RARA K 248
When working with medieval fragments, difficulties present themselves in many different forms. The main problem tends to be a lack of information, which is the nature of fragments. Other times, the problem can be to assess the information that is actually there, either because of the state of the fragment or one's own inexperience, or both. Yet other times, there can be a combination of these two, as is the case for the fragment I'm currently working on, as shown above.
This fragment is from a missal, which can be made clear from the red letters on the left-hand column say "Off", meaning "offertory", which is a part of the mass. The fragment is also badly worn, and the letters have in many cases vanished or can only be identified with limited certainty, which means that for the most part I only have a handful of words from each section of the page from which to attempt an identification. Well, a handful is an exaggeration, because in most cases I do not have even five words from which to start.
I struggled for a long time with the text in the above picture, slowly identifying individual letters, marking them down on print-outs of pictures showing the section in question, and trying to find enough material to put through the relevant databases in hope that something would come out of it. It took me a long time, but I was finally able to identify the words "Surge et", "rise and". This was not very much to go on, especially since the word "et" is so common as to provide numerous useless results in any search query. But I knew at least that the sentence started with "surge", and I had an inkling that the text might belong to the text further down on the column. This inkling might seem as a no-brainer but when you look at the way the fragment is used to bind the book, you see that the spine is quite thick and creates an artificial break in the column itself.
RARA K 284
As stated, I suspected that the text on the one cover might be connected somehow with the text on the other cover. Since I had already managed to identify the text on the other cover as belonging to the Book of Jonah, I thought that this might be the case with the text I was then working on as well. This proved to be true, and I also discovered that not only was the text connected, it was one and the same section of the fragment, running across the spine and connecting both the covers with the opening of chapter 3 of the Book of Jonah. I was elated. Both because I had finally managed to solve a rather pernicious puzzle, but also because having the text run all the way down the surviving part of the text column meant that those lines which were worn away, especially on the folds of the spine, could reasonably be filled in or reconstructed from the Book of Jonah. This in turn meant that I did not run the risk of having a single, recalcitrant, truculent line from some minor section that could not be identified.

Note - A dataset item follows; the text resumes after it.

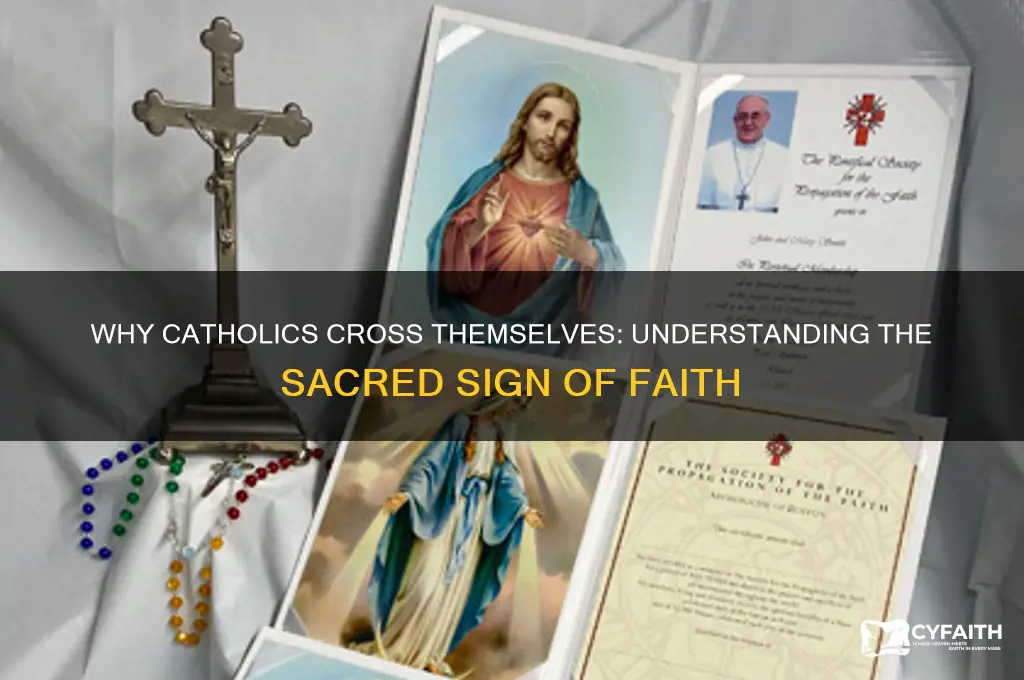 why do catholics cross themsleves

After the excitement had abated somewhat - but only somewhat - I looked through some of the pictures I had taken, and some of the excitement started to fade because now that I had solved the puzzle, the solution seemed very clear, the letters did not seem as worn as I first had thought. And then, finally, I noticed that me identifying this text as belonging to the Book of Jonah was as unimpressive and as un-miraculous as you could possibly get. For right above the beginning of the passage from the Book of Jonah, four red letters clearly indicated "ione", Jonah, showing that if I had been more aware I would have gone to the Book of Jonah right away. I had seen those letters during my research, but I had failed to understand them, simply due to a lack of experience. I had never come across such an indication before, and I did not know that this was done. In this way, my difficulty consisted both of lacking material - such as lacking a vast amount of the letters - and also lacking experience, not being able to read the information that was actually on the page, until after it was all sorted.
I am now prepared for another rubric indicating that the text is taken from the Book of Jonah, but I somehow suspect that if I see an indication for another biblical book, I might overlook it for the same reason I overlooked the rubric in RARA K 284.